# Back From The Past Once in A Lifetime Opportunity Metron Bicycle Engine German Design



## bikebug (Jun 24, 2015)

The Metrom Bicycle Engine (Back form the Past) GERMAN DESIGN.
Have just purchased the stock from the factory. 

​This is a once in a lifetime opportunity to get one of these little jewels.

The NOS/NIB Bicycle Engine Kits were manufactured by the State Factory Metrom / Brasov and its are still in original box packed. 
The motors are NEW still in its original box, complete with all its useful pieces for installation on a standard bicycle man/woman from 26' or 28 '.   
The engine was made in a limited series - in the end of  '90s - by the Arms Factory "Metrom"/Brasov – Romania.
The Factory Metrom was part of the State Group "RomArm" - specialized in the production of light and heavy weapons.
The Metrom Brasov Engine Factory has a long tradition in the production of engines for motorcycles and bicycles too.
The Factory "Metrom" was in Romania what the "Garelli"/Mosquito was in Italy, the "Jlo Werke" was in Germany  or the "Whizzer" or the "Sears Free Spirit"/"Bike Bug" was in USA.
The bicycle motor "Metrom" was produced in 1000 units to be used inside the Military Airports and, in limited quantities' (only 700 units), to be sold on the German market.
The engine is an extraordinary piece.
Unique in its kind.
It was created with the technology of armaments:










- Light and fast: made with special alloy with high resistance.
- Durable: made to last in tough conditions of use.
- Easy to disassemble / reassemble.
35 cc engine, equipped with automatic centrifugal clutch in oil bath, carburetor manufactured under license dell'Orto, electronic ignition, gas tank and all parts necessary for assembly.

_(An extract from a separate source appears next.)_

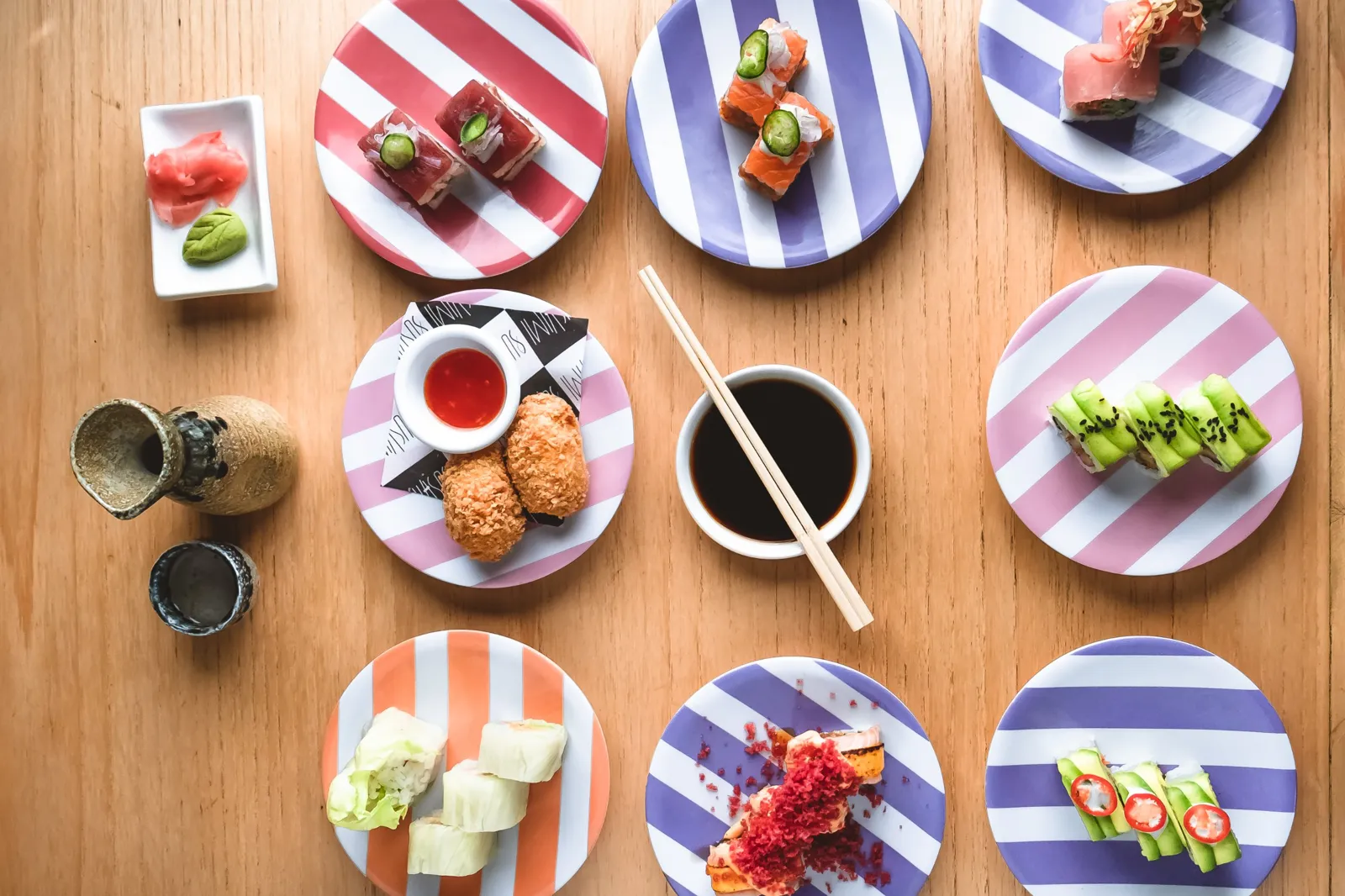 Sushimi, The Lurline Bay Group, Bali: Brand launch by Mirsa Ratina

Yes there are Spare Parts (Factory Original) available also.



We are gathering a list of interested buyers so we can split the freight form Europe and give everyone the best deal possible.

Please send your address and telephone number to sales@bikebug.net


----------



## thehugheseum (Jun 25, 2015)

what era are these? they look fairly modern,cad plating,plastic.....im just curious


----------



## bricycle (Jun 25, 2015)

thehugheseum said:


> what era are these? they look fairly modern,cad plating,plastic.....im just curious




 end of the 1990's...see in original post...


----------



## Iverider (Jun 25, 2015)

Seems like a classified ad to me. Price?


----------



## thehugheseum (Jun 25, 2015)

doh! shoulda read the ad better.....im feeling so much older realizing the 1990s is a long time ago!


----------



## Iverider (Jun 25, 2015)

Yeah. Turn of the century bikes are only 15 years old!


----------